Eles eram castos e brincavam de escravos de Jó. O filho legítimo teria de ser
sacrificado aos pés do morro. Mortos os irmãos fantasmas. Ela era exuberante e
rica. O menino foi roubado na maternidade. Muitos anos se passaram. Jocasta
tinha ido a uma noite de ópera com o estrondoso marido. Uma parcimônia
industrial de um super valorizado mercado de ações. Magnata de uma vida de cristal
de boemias no papel de um romântico trovador. A tragédia da noite extravasaria
as bruxarias de uma vingança paga em nome da mãe. Mulheres pagãs do desespero da fome,
aglutinadas nas sarjetas das cidades, dançando com o ventre os alimentos escassos de um ritual
onde morcegos e ratos enfestariam o bojo do caldeirão. Suas pérolas brilhavam
mais do que seu pescoço. Por uma fatalidade a escuridão insidiosas não revelou
os olhos daquele pequeno diabo escondido atrás do poste. Atraído pelo brilho
das pedras como a barbatana assassina dos mares vidrava-se com uma gota de
sangue dispersa na imensidão das probabilidades certeiras do oceano. Uma coincidência quanto
mais impossível se tornava ao mesmo tempo que fatal a mais provável de
acontecer. Entre todas as simultaneidades da vida, esse encontro seria o
ultimato do próprio ser no topo dentro da cadeia alimentar de prisões
invisíveis e carcerárias. As pérolas negras na luz da noite sobre a cheia
transbordante de lá Luna. Voraz e intimidadora. Mágica persistente no clamor
diabólico do fado. Seu marido, o magnata, apertava sua mão. Ele pressentia o
bafo negro dos becos.
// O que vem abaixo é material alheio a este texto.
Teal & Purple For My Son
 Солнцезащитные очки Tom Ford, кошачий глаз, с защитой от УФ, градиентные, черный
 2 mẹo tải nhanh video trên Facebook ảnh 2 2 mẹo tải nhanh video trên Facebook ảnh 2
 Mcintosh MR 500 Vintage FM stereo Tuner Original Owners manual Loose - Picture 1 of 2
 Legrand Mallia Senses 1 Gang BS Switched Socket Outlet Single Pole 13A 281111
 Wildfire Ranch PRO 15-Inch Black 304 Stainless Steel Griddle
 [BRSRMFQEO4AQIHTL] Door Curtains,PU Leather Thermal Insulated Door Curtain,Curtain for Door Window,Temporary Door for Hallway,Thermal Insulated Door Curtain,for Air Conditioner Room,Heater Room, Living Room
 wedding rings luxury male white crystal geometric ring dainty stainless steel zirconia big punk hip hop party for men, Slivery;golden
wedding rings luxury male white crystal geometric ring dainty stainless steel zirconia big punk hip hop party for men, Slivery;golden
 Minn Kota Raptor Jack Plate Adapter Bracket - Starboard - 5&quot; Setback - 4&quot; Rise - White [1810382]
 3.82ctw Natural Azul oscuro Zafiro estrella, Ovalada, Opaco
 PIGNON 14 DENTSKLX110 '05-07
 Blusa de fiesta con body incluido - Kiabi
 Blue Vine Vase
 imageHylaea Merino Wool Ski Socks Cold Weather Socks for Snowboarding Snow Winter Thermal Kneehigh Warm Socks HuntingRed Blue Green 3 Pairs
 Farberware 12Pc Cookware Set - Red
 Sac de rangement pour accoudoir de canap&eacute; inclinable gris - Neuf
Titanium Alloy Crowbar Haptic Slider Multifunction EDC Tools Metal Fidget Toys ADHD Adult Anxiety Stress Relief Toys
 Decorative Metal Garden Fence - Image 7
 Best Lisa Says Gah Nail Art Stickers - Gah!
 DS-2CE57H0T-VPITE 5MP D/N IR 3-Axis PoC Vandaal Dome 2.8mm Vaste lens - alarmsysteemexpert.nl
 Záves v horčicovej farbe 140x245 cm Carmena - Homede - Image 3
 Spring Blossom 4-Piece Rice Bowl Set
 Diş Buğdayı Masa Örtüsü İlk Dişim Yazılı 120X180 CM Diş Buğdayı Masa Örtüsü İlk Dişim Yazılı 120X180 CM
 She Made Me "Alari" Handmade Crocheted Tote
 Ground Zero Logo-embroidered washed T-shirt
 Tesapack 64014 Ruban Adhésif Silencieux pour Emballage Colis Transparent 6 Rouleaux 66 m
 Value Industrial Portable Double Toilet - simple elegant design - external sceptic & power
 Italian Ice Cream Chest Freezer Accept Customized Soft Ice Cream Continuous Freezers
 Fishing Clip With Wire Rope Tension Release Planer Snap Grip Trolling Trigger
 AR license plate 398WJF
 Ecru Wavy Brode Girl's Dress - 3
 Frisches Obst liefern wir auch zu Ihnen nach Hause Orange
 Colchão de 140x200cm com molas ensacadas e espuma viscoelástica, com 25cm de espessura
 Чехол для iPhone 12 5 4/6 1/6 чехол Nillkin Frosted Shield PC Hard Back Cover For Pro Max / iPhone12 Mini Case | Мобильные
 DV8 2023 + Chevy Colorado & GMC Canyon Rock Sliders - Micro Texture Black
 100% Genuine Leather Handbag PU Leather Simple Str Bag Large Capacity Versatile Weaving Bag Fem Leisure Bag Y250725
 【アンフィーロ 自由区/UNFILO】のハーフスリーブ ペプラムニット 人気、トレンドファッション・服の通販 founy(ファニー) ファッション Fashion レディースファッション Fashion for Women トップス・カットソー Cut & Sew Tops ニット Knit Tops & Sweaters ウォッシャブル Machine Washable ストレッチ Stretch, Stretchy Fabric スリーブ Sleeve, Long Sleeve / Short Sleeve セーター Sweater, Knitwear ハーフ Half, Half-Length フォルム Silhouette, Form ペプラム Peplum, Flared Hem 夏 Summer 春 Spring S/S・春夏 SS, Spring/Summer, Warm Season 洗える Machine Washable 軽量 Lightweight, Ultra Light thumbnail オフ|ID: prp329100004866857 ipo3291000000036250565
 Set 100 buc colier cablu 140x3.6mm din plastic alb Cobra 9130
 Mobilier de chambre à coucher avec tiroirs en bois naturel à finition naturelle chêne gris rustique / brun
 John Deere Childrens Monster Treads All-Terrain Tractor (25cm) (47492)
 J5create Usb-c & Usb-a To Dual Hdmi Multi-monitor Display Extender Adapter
Não era o local mais apropriado para caminhar depois do enterro do sol. Não era
o melhor lugar para terem fincado um teatro. No centro municipal da fome. Eles
seriam esquartejados pelo destino. Presas fáceis fora da bolha a prova de balas
de uma viatura blindada a prova de sonhos. Caminhava um pouco exaltado pela calçada, com pressa
de atingir o estacionamento. Aqueles dedos tortos segurando a mordaça do
gatilho atrás do poste. Silêncio. Tremia. “passa a carteira...anda...vai..
vai...” e um susto corou a pele magra do homem poderoso. Impotente. Pálido. Os
olhos estrelados do bandido. Eles pularam para fora do corpo. Vomitaram as órbitas
na cara. Para fora da própria alma. “o colar... eu quero o colar...”e a tensão
esticava os cabos nos aços dos nervos do cão. Um estalo. Ele viu o homem
colocando a mão no bolso. O tiro rompeu os tímpanos da madrugada. Jocasta
berrou. Histérica para seu próprio infortúnio. Os olhos estalados da lua em sua
cara. As pedras espalhadas pela calçada. Violência e estupro. Era a única forma
de calar a boca daquela mulher. Uma vaca fora do pasto coberta por joias. Violando-a.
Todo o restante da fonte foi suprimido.